MuseTalk is the higher-quality video-avatar lip-sync path in OpenTalking. Compared with Wav2Lip, it has heavier dependencies and preprocessing; compared with QuickTalk, it is more quality-oriented and useful when you already have a MuseTalk runtime. This page explains when to choose MuseTalk and which deployment mode to use.

Support Status¶

Item	Value
Model ID	`musetalk`
Backend	`local` / `omnirt` / `direct_ws`
Evidence level	Local adapter is wired; local mode runs official MuseTalk preprocessing before session initialization
Best for	Higher-quality lip sync, video avatars, existing MuseTalk runtimes

Benchmark Reference¶

The numbers below are summarized from Benchmark.
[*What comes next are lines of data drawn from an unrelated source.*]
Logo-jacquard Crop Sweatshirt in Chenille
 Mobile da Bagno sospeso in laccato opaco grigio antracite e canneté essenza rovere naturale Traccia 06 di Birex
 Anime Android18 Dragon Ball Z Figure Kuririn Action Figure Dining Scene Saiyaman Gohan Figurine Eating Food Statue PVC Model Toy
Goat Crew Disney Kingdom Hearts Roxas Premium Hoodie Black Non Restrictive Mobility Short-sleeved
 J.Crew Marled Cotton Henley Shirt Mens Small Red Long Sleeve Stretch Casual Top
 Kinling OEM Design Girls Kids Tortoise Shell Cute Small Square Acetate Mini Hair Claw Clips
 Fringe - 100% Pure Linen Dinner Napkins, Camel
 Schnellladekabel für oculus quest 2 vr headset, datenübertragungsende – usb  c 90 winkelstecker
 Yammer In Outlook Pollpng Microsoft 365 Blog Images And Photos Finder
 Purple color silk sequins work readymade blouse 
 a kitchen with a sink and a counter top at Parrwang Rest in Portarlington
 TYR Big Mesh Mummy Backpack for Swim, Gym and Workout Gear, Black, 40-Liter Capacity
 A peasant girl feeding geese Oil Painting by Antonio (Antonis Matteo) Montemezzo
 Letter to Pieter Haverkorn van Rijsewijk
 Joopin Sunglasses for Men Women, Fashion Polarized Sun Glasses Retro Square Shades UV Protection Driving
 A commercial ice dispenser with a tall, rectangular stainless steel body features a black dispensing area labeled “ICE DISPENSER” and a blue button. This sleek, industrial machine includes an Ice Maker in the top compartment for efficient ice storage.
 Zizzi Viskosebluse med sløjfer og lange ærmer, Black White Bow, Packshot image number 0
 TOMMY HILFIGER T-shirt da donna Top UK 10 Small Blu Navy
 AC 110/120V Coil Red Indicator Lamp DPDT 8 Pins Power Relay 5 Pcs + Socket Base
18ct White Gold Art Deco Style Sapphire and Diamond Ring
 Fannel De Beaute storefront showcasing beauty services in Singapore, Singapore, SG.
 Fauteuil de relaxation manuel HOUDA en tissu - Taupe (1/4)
Steady FPS is model-generation throughput, not full user-perceived latency; STT, LLM, TTS, queueing, and WebRTC still affect the complete experience.

Hardware	Backend	Output	Steady FPS	First-turn total/ms	TTFV/ms	Peak inference VRAM/GB
RTX 3090	OmniRT	512×512 / 25fps	28.868	3235.518	1769.484	5.078
RTX 4090	OmniRT	512×512 / 25fps	24.767	3605.564	2095.522	5.203
NPU 910B2	OmniRT	512×512 / 25fps	12.276	5781.453	4211.721	8.754

Choose a Deployment Mode¶

Mode	Best for	Entry
Local	Single-machine CUDA, with OpenTalking running official avatar preprocessing	MuseTalk Local Deployment
OmniRT	Isolating MuseTalk dependencies from the main OpenTalking process	MuseTalk OmniRT Deployment
Direct WebSocket	Connecting an existing MuseTalk-compatible service directly	See Runtime Backends

When to Choose Another Model¶

Need the lightest real lip-sync validation: see Wav2Lip.
Need lower-latency realtime speaking: see QuickTalk.
Need a high-quality heavyweight service path: see FlashTalk.